Even young, healthy adults made headlines for ending up in ICUs. Long COVID appeared to strike at random. The virus wreaked havoc in long-term care homes, overwhelmed hospitals and led to a staggering number of deaths.
Fast forward to late 2023, and the situation is dramatically different.
A vast majority of the population has previously caught COVID, and for many, this virus is less of a threat. While hospitalizations linked to COVID are ticking up as winter approaches, they remain at far lower levels than the worst points in the last few years — and cross-country ICU admissions and life-support patients remain relatively stagnant.
There's also hopeful data suggesting rates of long COVID are dropping, while updated vaccines are set to provide a protective boost ahead of another busy respiratory virus season.
It all suggests we've tamed SARS-CoV-2 into submission. Yet this virus continues to circulate year-round, causing repeat infections, with few official measures still in place to curb its spread.
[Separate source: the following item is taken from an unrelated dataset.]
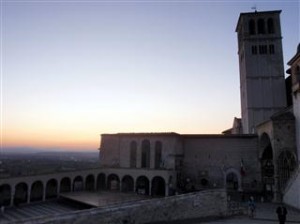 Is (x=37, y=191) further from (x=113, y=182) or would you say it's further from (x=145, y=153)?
(x=145, y=153)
Scientists warn the long-term toll on individuals' health remains somewhat uncertain.
"We're moving to a world where we're being asked to manage our own risk, so we should know what that risk is," said epidemiologist Caroline Colijn, a Canada 150 Research Chair in Mathematics for Evolution, Infection and Public Health at Simon Fraser University.
"And it's two things: The risk of getting infected and the risk of a bad thing happening to you if you get infected."
Around the world, scientists are striving to parse out just how risky individual COVID infections are at this point in time, though the population-level trends remain reassuring, multiple medical experts told CBC News.
It's at a transition point, said epidemiologist Bill Hanage, with the Harvard T.H. Chan School of Public Health, as we're heading toward a time when COVID becomes more of a background condition, without the same kind of "disturbing, wild fluctuations."
"That is not the same thing as it going away," Hanage said. "That's not the same thing as having no consequences."
But over the course of the last few years, the immunity landscape has shifted, given high rates of previous infections and multiple rounds of vaccinations.
That's led to a significant change in the severity of acute illness, said Dr. Lynora Saxinger, an infectious disease specialist with the University of Alberta. "The burden went from, at times, having most of the medical beds in a hospital filled with COVID patients to, sometimes, not having any COVID patients … or at the most, a handful," she said.